By Russell Chandler, Times Religion Writer
Los Angeles Times, November 27, 1988
It is only a 4-foot-by-8-foot sheet of plywood with hand-painted lettering on a rainbow background.
The board hangs in Kona, Hawaii, outside a small rented hall where a few souls quietly worship God each Saturday morning.
But the sign contains a forbidden name, and a legal battle over its use has stirred a tsunami of church reaction on the mainland. The case is now pending in the U.S. 9th Circuit Court of Appeals in San Francisco.
"What we are faced with is a Goliath vs. David situation." said a defendant in the unusual lawsuit, which pits the 5.5-million-member Seventh-day Adventist Church against an 11-member splinter congregation.
"The real issue is forcing us to change our name, not allowing any use of the words 'Seventh-day Adventist' because it is a registered trade name." Lily Anne Deniz, a member of the Seventh-day Adventist Congregational Church of Kona, wrote in an unorthodox court defense for the tiny group.
Trademark Involved A lawyer for the church corporation said that a trademark is a property right and the Kona congregation is not entitled to the church's "good name" because its members no longer subscribe to the denominational form of government and discipline.
Attorney Richard Johns said the Seventh-day Adventist Church does not want to be cast in the bully role of "a Goliath-and-David situation." But, he said, "the church believes 'Seventh-day Adventist' is a unique name that needs to be protected."
Until a court ultimately decides who is right, the little Kona congregation is being fined $500 a day and its pastor, John R. Marik, is in hiding to avoid jail. The federal district court in Hawaii issued a warrant for Marik's arrest and found him and his flock in contempt last May when they refused to take down the sign, "Seventh-day Adventist Congregational Church," and to stop using "Seventh-day Adventist" and "SDA" in church correspondence and promotion.
At least six independent Adventist publications are churning out material supporting the Kona congregation.

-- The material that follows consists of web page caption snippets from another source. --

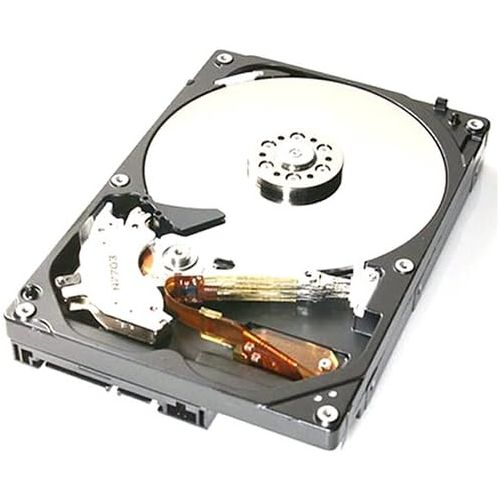  HDP725025GLA380 Hitachi 250gb 7200rpm Buffer 16mb Sata Hard Drive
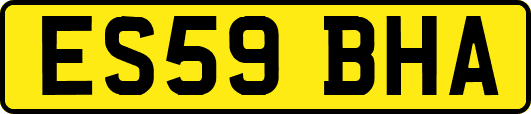 ES59BHA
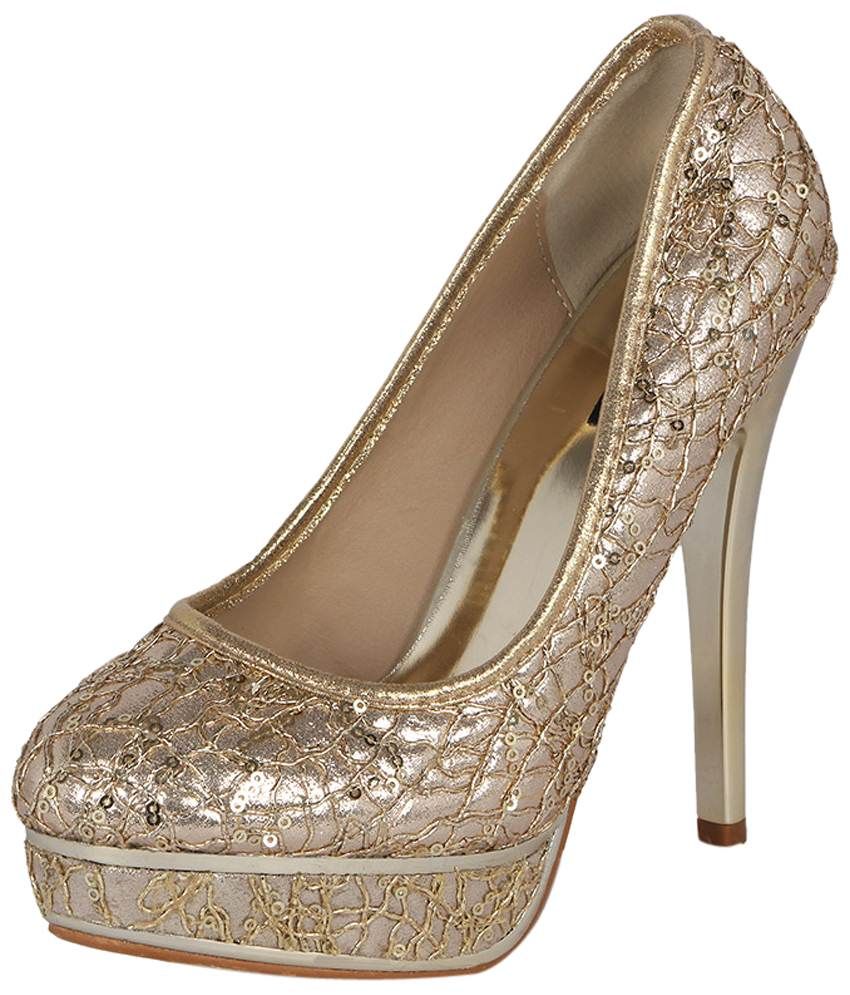 kielz heels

And protesters have organized a petition drive demanding that the denominational headquarters drop the litigation, which could easily cost $100,000 from church members' tithes.

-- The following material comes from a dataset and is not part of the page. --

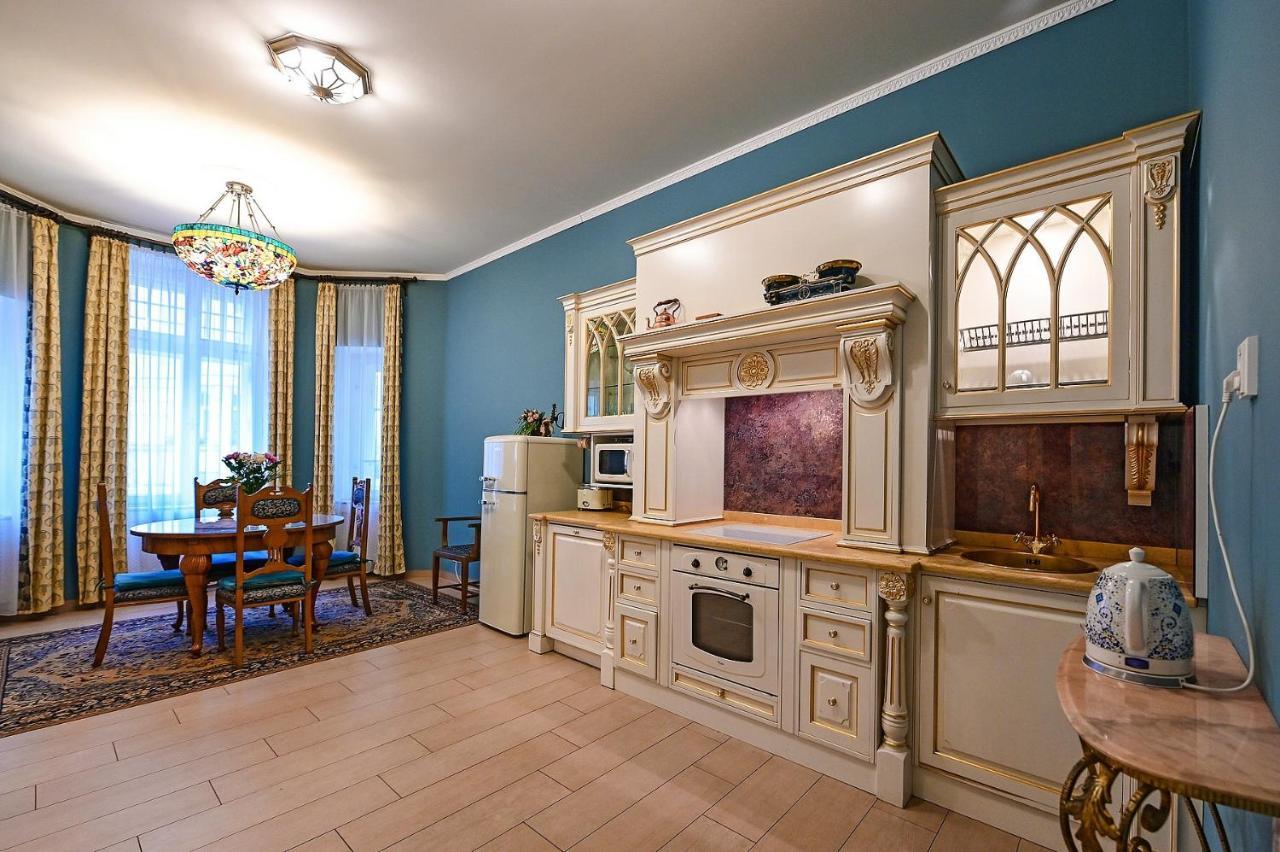 Apartment Biskupska Brno Extérieur photo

About the only thing both sides agree on is that around 1860 the church's prophet, Ellen G. White, mandated "Seventh-day Adventist" as the "God-given name" to identify the faithful until the second coming of Jesus Christ. The two basic distinctives of Seventh-day Adventism are the beliefs that the Sabbath should be observed on the seventh day of the week, and that Jesus will return to Earth soon.

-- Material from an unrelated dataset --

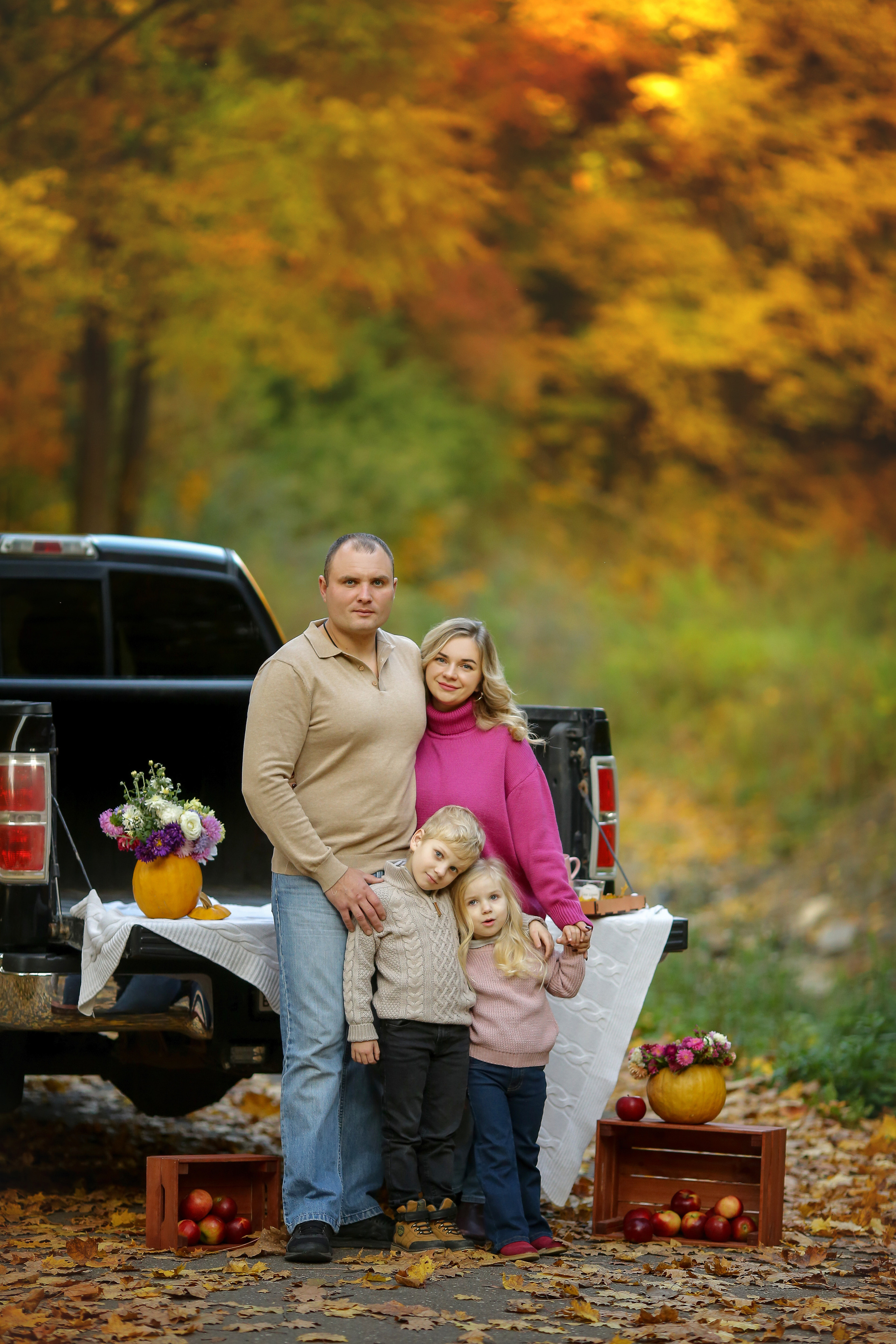 Проект «Ребята с нашего двора». Свадебный, семейный и детский фотограф в Беларуси и за ее пределами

In 1981, the Seventh-day Adventist General Conference registered the words "Seventh-day Adventist" as a trade name with the U.S. Patent and Trademark Office. Although common in the commercial world, it is unusual for churches and religious organizations to seek trademarks. Court documents involving disputes over church trademarks are few and far between, according to attorneys familiar with church-state litigation.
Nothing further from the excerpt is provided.